Kannupada Poguthaiya () is a 1999 Indian Tamil-language family drama film directed by Bharathi Ganesh. It stars Vijayakanth in dual lead roles as father and son. The score and soundtrack were composed by S. A. Rajkumar. The film released on 7 November 1999 and became a commercial success.

Plot 
Paramasivam, a rich landlord lives in a village along with his wife Parvathy. Vetrivel is their elder son and is widely respected by the villagers for his good deeds. Gowri is the daughter of Ramakrishnan, a school teacher in the same village. Gowri returns to village after completing education from city and at first misunderstands Vetrivel as an employee in Paramasivam's home. Later she gets to know that Vetrivel is the son of Paramasivam. Slowly Vetrivel and Gowri start liking each other. Paramasivam and Parvathy also plans to get them married.

Subramani is the younger brother of Vetrivel and he returns to the village after his completion of studies. One day, Subramani slips from a mountain nearby while taking photographs of a water fall. Gowri hears his voice and rushes to the spot along with other people and Subramani is rescued by the villagers. This makes Subramani to fall for Gowri and he expresses his intention of marrying Gowri to Vetrivel.
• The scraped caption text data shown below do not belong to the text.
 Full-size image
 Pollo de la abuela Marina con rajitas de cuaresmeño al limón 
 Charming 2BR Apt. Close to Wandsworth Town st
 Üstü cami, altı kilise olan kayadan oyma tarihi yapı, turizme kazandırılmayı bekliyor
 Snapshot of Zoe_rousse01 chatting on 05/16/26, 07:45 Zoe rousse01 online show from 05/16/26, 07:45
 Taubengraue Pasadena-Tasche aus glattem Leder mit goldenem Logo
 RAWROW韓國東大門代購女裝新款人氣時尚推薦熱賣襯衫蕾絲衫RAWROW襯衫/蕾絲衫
Vetrivel is so kind towards his brother and he decides to sacrifice his love for the sake of his brother. Vetrivel also convinces Paramasivam and Parvathy to get married Subramani first although he is the younger son. Gowri is shocked knowing about the marriage plans but accepts just because of the respect she has towards Vetrivel's words. Subramani and Gowri get married.

Chinna works in Paramasivam's home and he could not tolerate Vetrivel's sacrifice. One day Chinna drinks and confesses the truth to Vetrivel's Parents. They decide to get Vetrivel married immediately to Rasathi, who is Parvathy's relative. But Rasathi's father Maniyaandar and grandfather Angaala Thevar have vengeance over Parvathy and Paramasivam and they wanted them to be killed.
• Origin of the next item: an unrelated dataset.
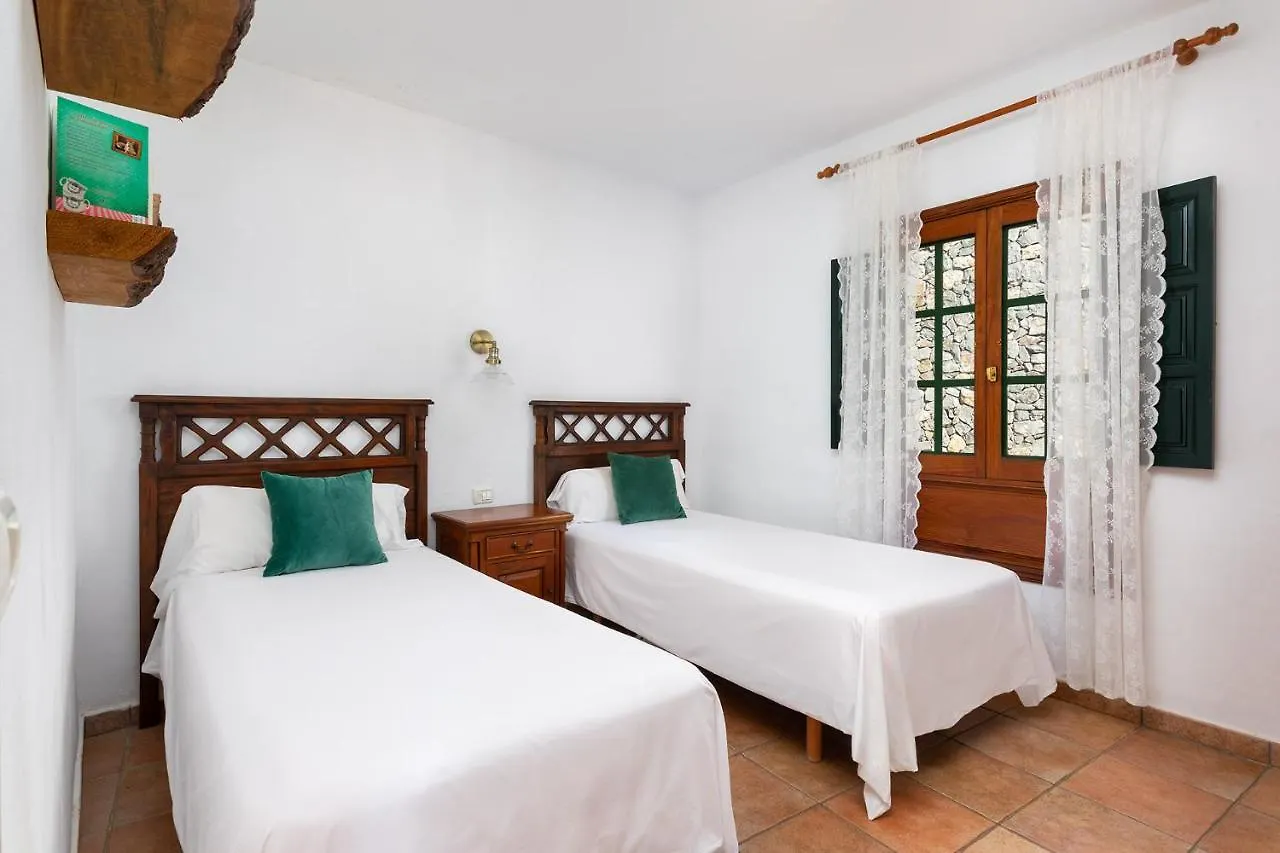 Las Casas Del Chorro Agulo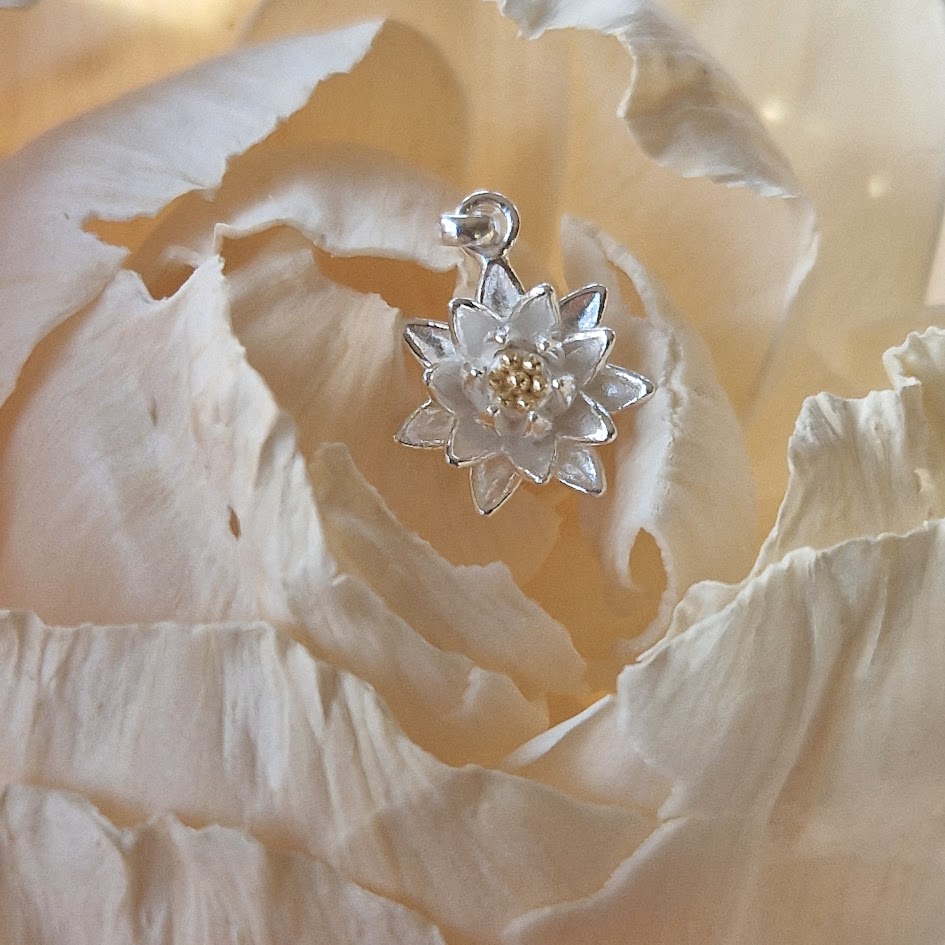 925 Sterling Silver Two-Tone Water Lily Necklace | July Birth Flower | Everything's Rosie Jewellery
Ponnambalam who also lives in the same village does not like Vetrivel and he informs Subramani that Vetrivel and Gowri are in illegitimate relationship which angers Subramani. But suddenly Gowri vomits and faints. Ramakrishnan, Father of Gowri informs everyone happily that Gowri should be pregnant. But Subramani is shocked as he has decided to have kids only after Vetrivel gets married. Now Subramani also doubts the relationship between his brother Vetrivel and Gowri. He shouts at Vetrivel and Vetrivel leaves the home after hearing painful words from his brother.

Paramasivam and Parvathy get angry seeing Subramani's activities and scold him. Also a flashback is told where Vetrivel is actually the son of Vasudevar Ayya who was a wealthy man in the village. Paramasivam worked as a driver in Parvathy's home and they marry each other. This angers Parvathy's father Angaala Thevar and her brother Maniyaandar, and they try to kill the couple. They run to Vasudevar Ayya's village for help and Vasudevar Ayya saves them. But Angaala Thevar and Maniyaandar kill Vasudevar Ayya. Now Vasudevar Ayya orders them to stay out of village and hands over his son Vetrivel and all the properties to Paramasivam and Parvathy.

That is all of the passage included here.